Number of bits needed to express physical laws? What is the minimum number of bits that would be needed to express a given physical law, like the law of universal gravitation? How many bits are needed to express each of the four fundamental forces? Is there a pattern here?
 A: One productive way of thinking of the complexity of physical laws is in terms of the Kolmogorov complexity of the algorithm that simulates a given physical situation. This is defined as the length of the shortest code which does the simulation.
If you are given a law of nature, like Newton's law of universal gravitation, you can write a simulation of N-interacting particles. If you are only interested in an in-principle answer, you are looking for the best algorithm to simulate Newton's laws on a computer.
The problem of computing the Kolmogorov complexity precisely is in general the worst of all uncomputable problems. You can usually shrink a code written from scratch by a lot by cleverly rewriting the subroutines to make a specialized language for the description. You would never know if you have the optimal coding, since maybe you could compress things more by adding a special interpretation layer.
The rigorous version of this annoyance is the theorem that no axiomatic system can prove an algorithm is optimal (meaning of minimal length) if the length is significantly greater than the length of the program that does the deduction in this axiomatic system. The proof is a simple contradiction: suppose the axiomatic system proves program P is optimal. Write a program CONTRADICTION which goes through all the theorems of the axiomatic system until it finds a program which is proved optimal and whose length is greater than the length of CONTRADICTION. Then, run this program. By construction, CONTRADICTION is shorter than this program and yet has the same output.
If you think about what CONTRADICTION is doing, it is generating the code for a completely different program, and then running it. This gives a hint of the nature of the difficulty in finding a minimal description.
But if you are happy with a crude estimate of the complexity, you just write any old code to simulate the physics, and the length of this code is an estimate of the complexity. This is a useful heuristic that makes precise the desire for simple elegant theories.
A: How many bits would it take to define the standard model plus gravity plus massive neutrinos plus dark matter and dark energy? It's an excellent question. 
Let's consider the "new minimal standard model", which is a little out of date but still provides a template for the study of this question. The elements of the lagrangian appear in equations 1 through 6, and are assembled together in equation 7. I estimate that it takes about 300 symbols to write down. I count about 40 parameters. Suppose that on average they are known to two significant figures. Assuming 10 ln 2 bits per digit and 128 ln 2 bits per symbol, and we have about (300 x 128 + 40 x 20) ln 2, i.e. about 27000 bits. 

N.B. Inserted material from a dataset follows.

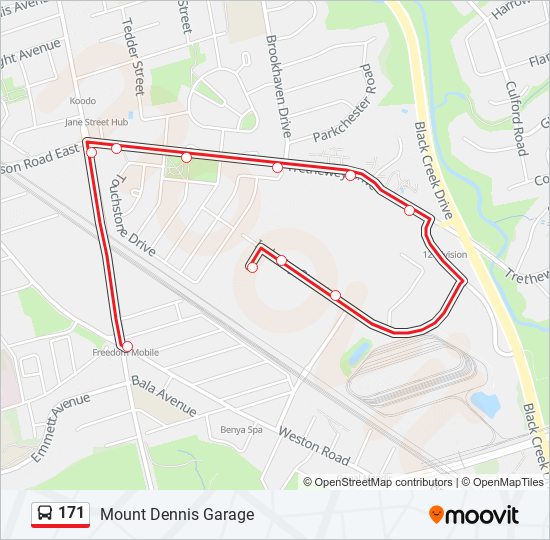 Plan de la ligne 171 de bus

Next, how many bits of knowledge do you need to possess in order to be able to interpret those 27000 bits correctly? E.g. what is the shortest set of functions that one could define in Mathematica, such that they correspond to all the basic quantities that make up predictions by the new minimal standard model? I don't think it would be much more than that 27000 bits, if we're careful not to include all the heuristics for computing the function, in the definition of the function. That is, we want to be able to say e.g. what an expectation value is, without necessarily specifying how to compute it.